Suas primeiras abordagens resultaram infrutíferas, o que fazia com que se sentisse um tiozão decrépito que assiste seus fiapos de dignidade escorrerem pelos vãos dos dedos engelhados.

Mas com a paciência de um monge bundista ele não desistiu. E Elizabeth foi cedendo ao seu charme maduro e sua resiliência obstinada.

Foi numa quinta-feira chuvosa que tudo enfim se consumou. A mulher era um verdadeiro furacão e daquele dia em diante passaria a frequentar o quarto do patrão com mais assiduidade do que qualquer outro cômodo daquele apartamento.

Só tinha um detalhe que o deixava incomodado. É que na hora G a mulher simplesmente enlouquecia. Gritava, urrava, esmurrava o peito dele, fazia um escarcéu de envergonhar gerente de bordel. Passado esse momento de fúria, ela dava um último suspiro lânguido e tombava inerte de lado, feito felina indefesa.

É preciso dizer que no início ele até gostou dos olhares oblíquos que lhe eram direcionados no elevador do prédio. Ostentava aquela gritaria como um troféu de abate, símbolo da sua virilidade inabalável. As desavisadas que se cuidassem. Toninho estava de volta no pedaço.

Mas aos poucos, com a constância duosemanal da fuzarca, os vizinhos começaram a se incomodar com o barulho, capitaneados pelo síndico cri cri, morador do apartamento ao lado, que chegou a utilizar um medidor de decibéis para provar que o barulho estava infringindo a legislação municipal.

–    Quem você pensa que é pra ficar monitorando o que eu faço na minha vida particular?

–     E quem você pensa que é? Ator pornô da terceira idade?

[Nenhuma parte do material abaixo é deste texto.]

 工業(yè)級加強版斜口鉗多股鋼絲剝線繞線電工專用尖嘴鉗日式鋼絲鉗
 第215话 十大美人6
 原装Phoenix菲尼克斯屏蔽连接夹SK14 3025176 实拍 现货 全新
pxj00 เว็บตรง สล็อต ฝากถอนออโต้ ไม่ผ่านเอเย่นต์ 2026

Estava declarada a guerra.

Toninho sabia que estava passando dos limites, mas não queria renunciar às benesses de dona Elizabeth, até mesmo porque ela era tremendamente profissional. Fazia malabarismos na cama de invejar trepazista do Cirque du Soleil, gritava, surtava, esperneava. Depois vestia o avental e ia passar aspirador na sala, como se nada tivesse acontecido.

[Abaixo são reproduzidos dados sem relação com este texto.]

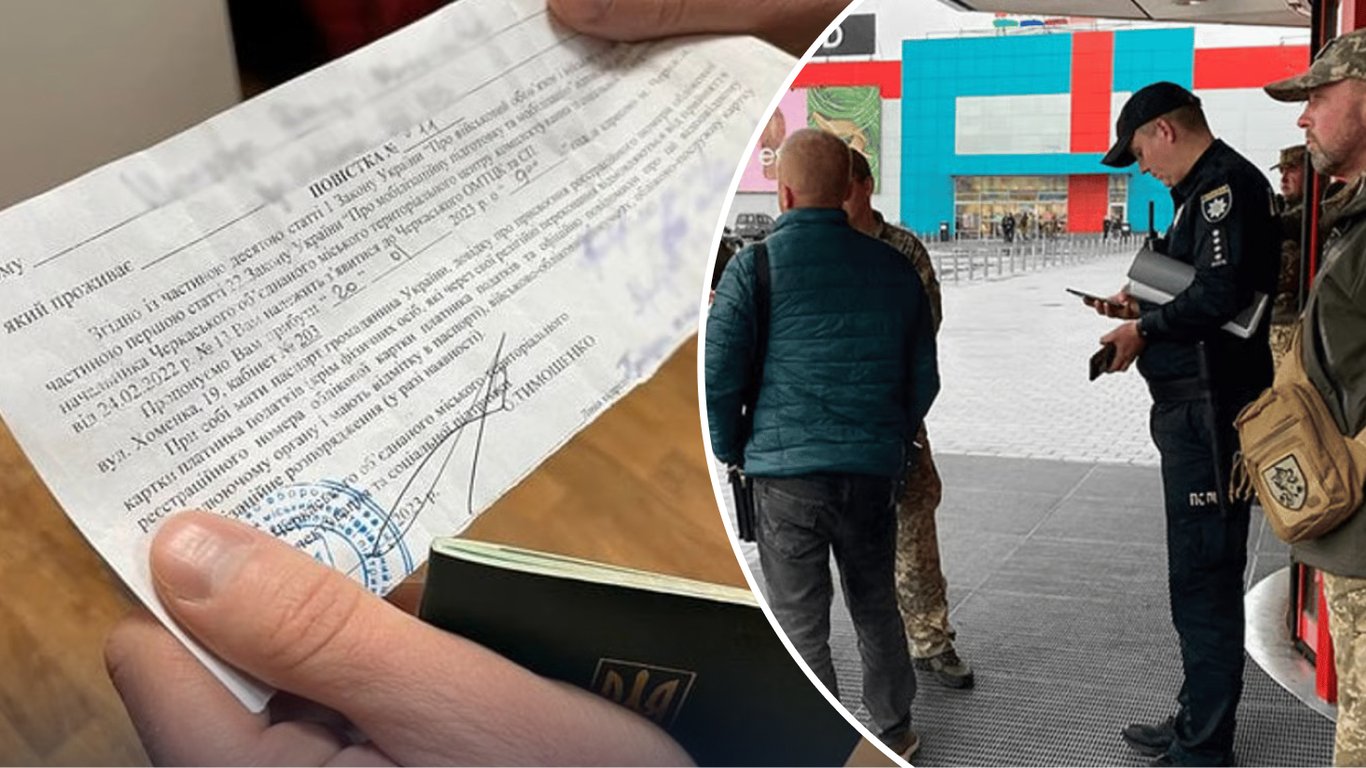 Osoba poszukiwana bez doręczenia wezwania: metody lokalizacji obywateli przez WKU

–    Não esqueça de secar a área de serviço, dona Elizabeth.

–    Pode deixar que passo o rodo, senhor Antônio.

O síndico protocolou uma advertência por escrito, pela infringência do artigo 37 do estatuto dos inquilinos do conjunto residencial Paradiso.

Toninho sabia que o cerco estava se fechando e precisaria buscar uma rápida solução.

Teve a ideia de beijar Dona Elizabeth toda vez que a sessão escândalo se iniciasse, mas ela se ofendeu profundamente:

–    Nunca imaginei isso do senhor…

–    O que Elizabeth?

–    Que falta de respeito, não podemos confundir as coisas… Assim o senhor me ofende…quem pensa que eu sou para me beijar assim?, choramingou, enquanto se contorcia com alguns espasmos involuntários.

A relação começava a se deteriorar.

Um dia Elizabeth passou dos limites, gritando como se estivesse sendo espancada, para loucura do Toninho, que desesperado, tentou abafar os sons colocando um travesseiro sob seu rosto.

Dona Elizabeth não suportou tamanha humilhação e jamais retornou àquele apartamento.

Toninho entrou em profunda depressão. As segundas e quintas só não eram mais vazias que seu maltratado coração. O lixo se acumulava pela casa, veloz como sua tristeza. Ficou semanas sem dormir, nem pôquer jogava mais.

Demorou para que Toninho voltasse a dormir. Mas não por muito tempo.

Uma gritaria infernal, e terrivelmente familiar, invadia seus tímpanos feito tortura chinesa, vinda do apartamento ao lado.

No dia seguinte mal conseguiu conter sua dor ao dividir o elevador com dona Elizabeth, a nova diarista do síndico do Paradiso.